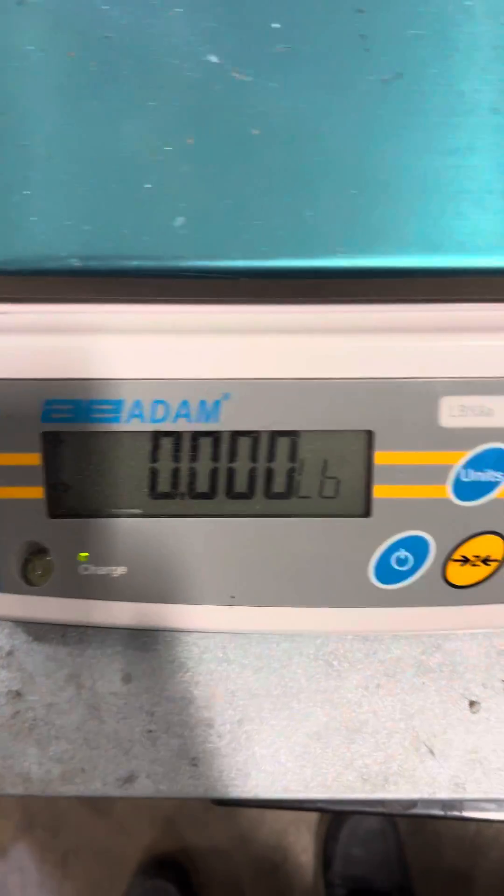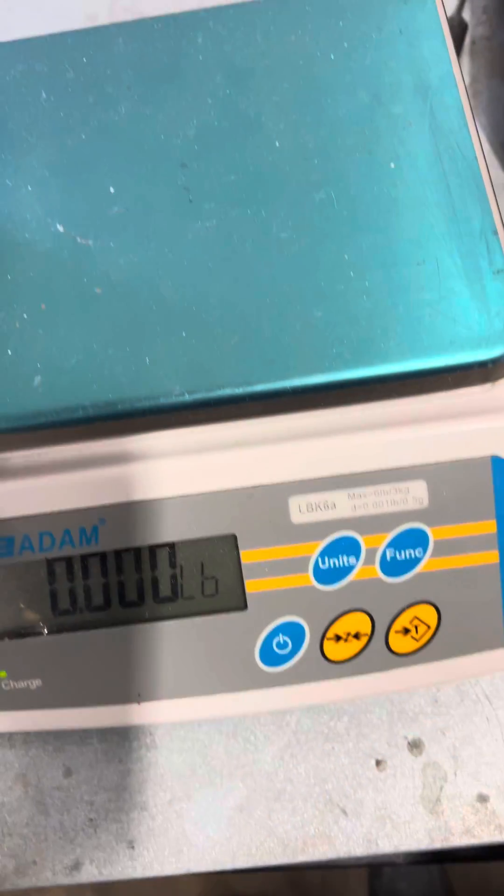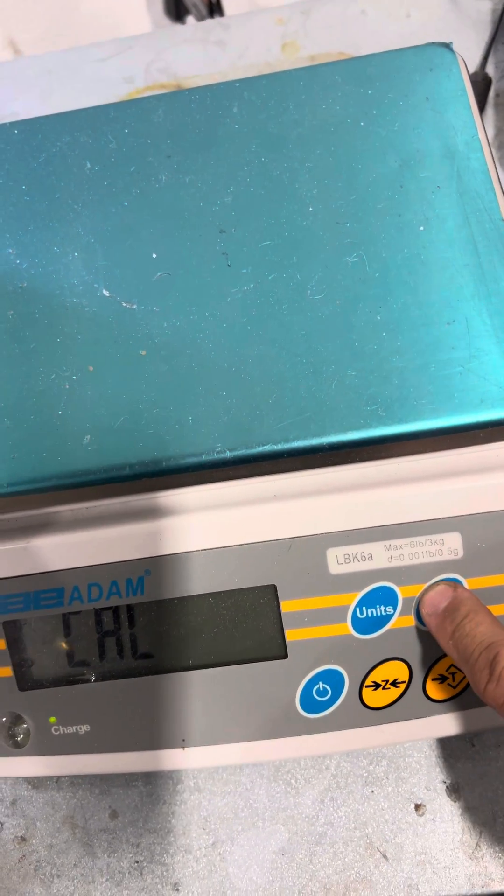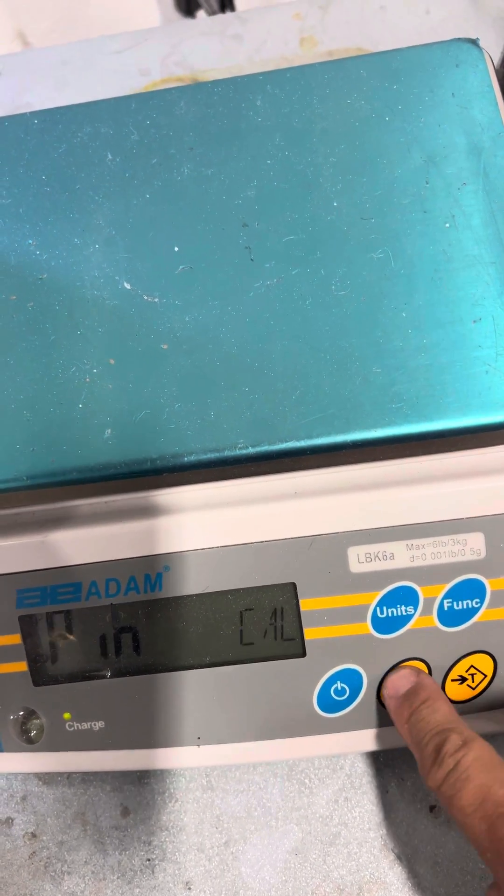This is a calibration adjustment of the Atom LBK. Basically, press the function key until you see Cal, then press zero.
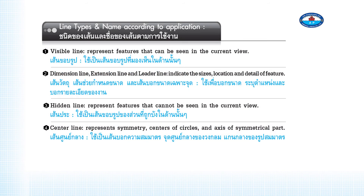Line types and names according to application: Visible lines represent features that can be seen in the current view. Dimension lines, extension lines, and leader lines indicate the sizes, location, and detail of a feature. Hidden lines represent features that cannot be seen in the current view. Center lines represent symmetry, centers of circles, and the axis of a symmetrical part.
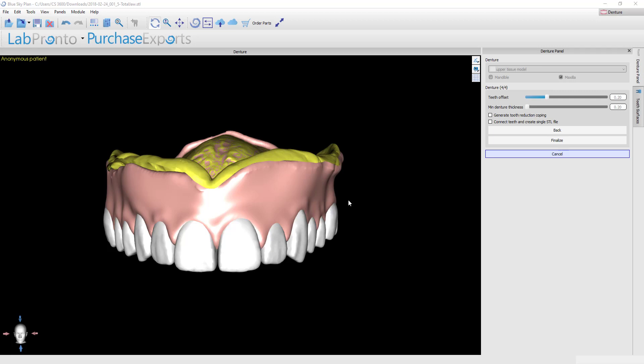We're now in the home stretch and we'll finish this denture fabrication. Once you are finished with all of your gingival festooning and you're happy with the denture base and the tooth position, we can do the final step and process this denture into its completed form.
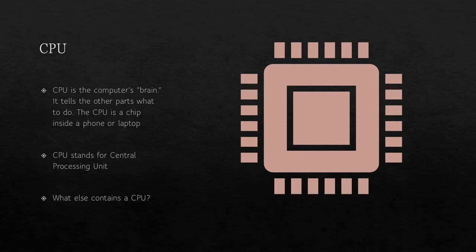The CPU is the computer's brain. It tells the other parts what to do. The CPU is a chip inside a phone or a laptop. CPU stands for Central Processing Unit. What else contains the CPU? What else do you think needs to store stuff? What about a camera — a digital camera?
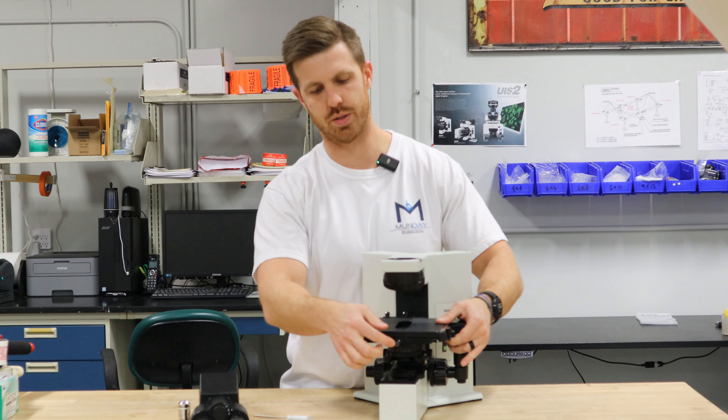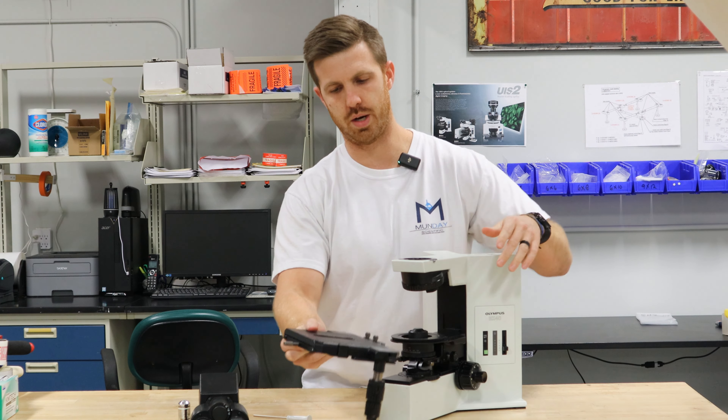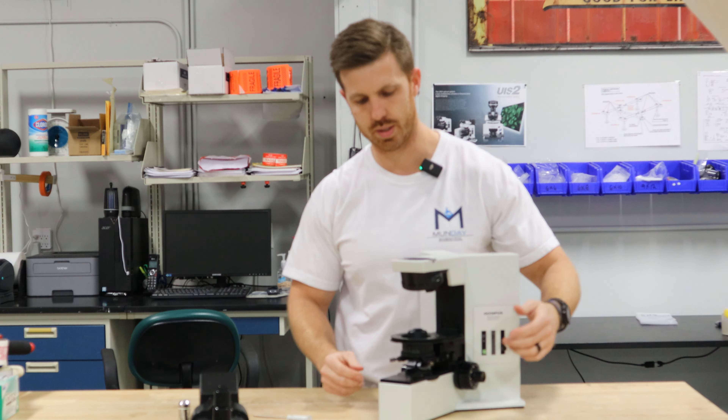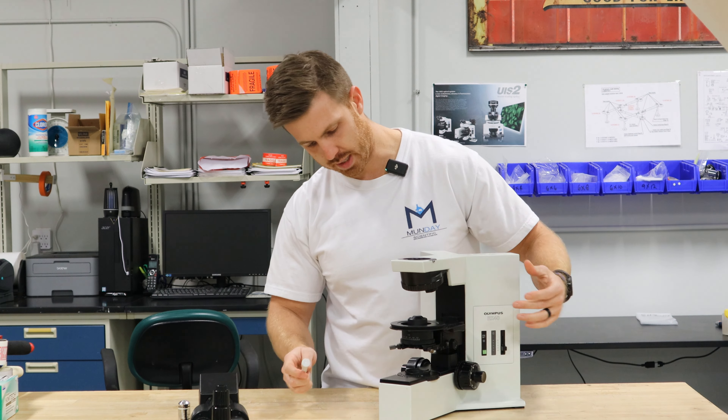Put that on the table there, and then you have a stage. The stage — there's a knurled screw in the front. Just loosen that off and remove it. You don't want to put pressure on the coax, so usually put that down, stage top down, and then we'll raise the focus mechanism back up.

^^^^^^^^

Set down again, exactly, every line above from the one with "We're now in" down to the one with "The CPU is the", both ends included. No pictures, and nothing else.

▶ _EXERCISE OUTPUT_:
We're now in the home stretch and we'll finish this denture fabrication. Once you are finished with all of your gingival festooning and you're happy with the denture base and the tooth position, we can do the final step and process this denture into its completed form.
The CPU is the computer's brain. It tells the other parts what to do. The CPU is a chip inside a phone or a laptop. CPU stands for Central Processing Unit. What else contains the CPU? What else do you think needs to store stuff? What about a camera — a digital camera?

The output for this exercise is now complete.